WHAT YOU ARE ASKED TO DO: Retype the records in full, keeping each character as it is.

Data extracted from a collection
* * * *
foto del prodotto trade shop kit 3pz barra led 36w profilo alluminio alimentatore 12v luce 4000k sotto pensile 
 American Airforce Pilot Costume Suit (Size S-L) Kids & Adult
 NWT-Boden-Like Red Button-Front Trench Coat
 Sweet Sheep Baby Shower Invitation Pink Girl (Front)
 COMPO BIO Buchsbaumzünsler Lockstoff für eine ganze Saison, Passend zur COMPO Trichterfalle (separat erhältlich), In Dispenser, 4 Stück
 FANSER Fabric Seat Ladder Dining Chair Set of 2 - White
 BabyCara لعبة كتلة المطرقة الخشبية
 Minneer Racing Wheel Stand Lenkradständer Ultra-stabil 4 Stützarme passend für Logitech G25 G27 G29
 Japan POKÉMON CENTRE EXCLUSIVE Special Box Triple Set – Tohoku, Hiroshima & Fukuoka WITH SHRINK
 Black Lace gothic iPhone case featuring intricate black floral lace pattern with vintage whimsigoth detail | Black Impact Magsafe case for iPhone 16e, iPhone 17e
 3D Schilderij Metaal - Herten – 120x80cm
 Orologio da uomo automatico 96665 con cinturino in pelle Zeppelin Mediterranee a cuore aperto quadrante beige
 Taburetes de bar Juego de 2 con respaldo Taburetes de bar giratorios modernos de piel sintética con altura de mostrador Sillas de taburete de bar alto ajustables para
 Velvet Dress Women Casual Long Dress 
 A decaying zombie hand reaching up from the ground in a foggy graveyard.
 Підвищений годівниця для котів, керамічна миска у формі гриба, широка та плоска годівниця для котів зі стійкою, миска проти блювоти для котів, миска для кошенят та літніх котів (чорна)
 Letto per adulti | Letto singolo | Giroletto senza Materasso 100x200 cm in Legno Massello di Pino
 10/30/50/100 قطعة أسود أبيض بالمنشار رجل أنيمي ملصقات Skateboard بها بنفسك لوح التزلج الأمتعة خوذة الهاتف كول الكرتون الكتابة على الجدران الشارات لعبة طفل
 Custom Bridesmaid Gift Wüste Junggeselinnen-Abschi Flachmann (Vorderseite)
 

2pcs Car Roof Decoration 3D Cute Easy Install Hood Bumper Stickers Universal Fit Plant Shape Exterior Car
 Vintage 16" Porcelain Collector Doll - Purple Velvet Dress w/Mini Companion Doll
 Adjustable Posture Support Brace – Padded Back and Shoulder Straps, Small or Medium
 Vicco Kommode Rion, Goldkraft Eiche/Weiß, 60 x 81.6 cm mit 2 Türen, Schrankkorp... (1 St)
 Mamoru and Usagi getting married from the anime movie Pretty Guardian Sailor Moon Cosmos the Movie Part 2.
* * * *
SOLUTION TO THE PROBLEM:
foto del prodotto trade shop kit 3pz barra led 36w profilo alluminio alimentatore 12v luce 4000k sotto pensile 
 American Airforce Pilot Costume Suit (Size S-L) Kids & Adult
 NWT-Boden-Like Red Button-Front Trench Coat
 Sweet Sheep Baby Shower Invitation Pink Girl (Front)
 COMPO BIO Buchsbaumzünsler Lockstoff für eine ganze Saison, Passend zur COMPO Trichterfalle (separat erhältlich), In Dispenser, 4 Stück
 FANSER Fabric Seat Ladder Dining Chair Set of 2 - White
 BabyCara لعبة كتلة المطرقة الخشبية
 Minneer Racing Wheel Stand Lenkradständer Ultra-stabil 4 Stützarme passend für Logitech G25 G27 G29
 Japan POKÉMON CENTRE EXCLUSIVE Special Box Triple Set – Tohoku, Hiroshima & Fukuoka WITH SHRINK
 Black Lace gothic iPhone case featuring intricate black floral lace pattern with vintage whimsigoth detail | Black Impact Magsafe case for iPhone 16e, iPhone 17e
 3D Schilderij Metaal - Herten – 120x80cm
 Orologio da uomo automatico 96665 con cinturino in pelle Zeppelin Mediterranee a cuore aperto quadrante beige
 Taburetes de bar Juego de 2 con respaldo Taburetes de bar giratorios modernos de piel sintética con altura de mostrador Sillas de taburete de bar alto ajustables para
 Velvet Dress Women Casual Long Dress 
 A decaying zombie hand reaching up from the ground in a foggy graveyard.
 Підвищений годівниця для котів, керамічна миска у формі гриба, широка та плоска годівниця для котів зі стійкою, миска проти блювоти для котів, миска для кошенят та літніх котів (чорна)
 Letto per adulti | Letto singolo | Giroletto senza Materasso 100x200 cm in Legno Massello di Pino
 10/30/50/100 قطعة أسود أبيض بالمنشار رجل أنيمي ملصقات Skateboard بها بنفسك لوح التزلج الأمتعة خوذة الهاتف كول الكرتون الكتابة على الجدران الشارات لعبة طفل
 Custom Bridesmaid Gift Wüste Junggeselinnen-Abschi Flachmann (Vorderseite)
 

2pcs Car Roof Decoration 3D Cute Easy Install Hood Bumper Stickers Universal Fit Plant Shape Exterior Car
 Vintage 16" Porcelain Collector Doll - Purple Velvet Dress w/Mini Companion Doll
 Adjustable Posture Support Brace – Padded Back and Shoulder Straps, Small or Medium
 Vicco Kommode Rion, Goldkraft Eiche/Weiß, 60 x 81.6 cm mit 2 Türen, Schrankkorp... (1 St)
 Mamoru and Usagi getting married from the anime movie Pretty Guardian Sailor Moon Cosmos the Movie Part 2.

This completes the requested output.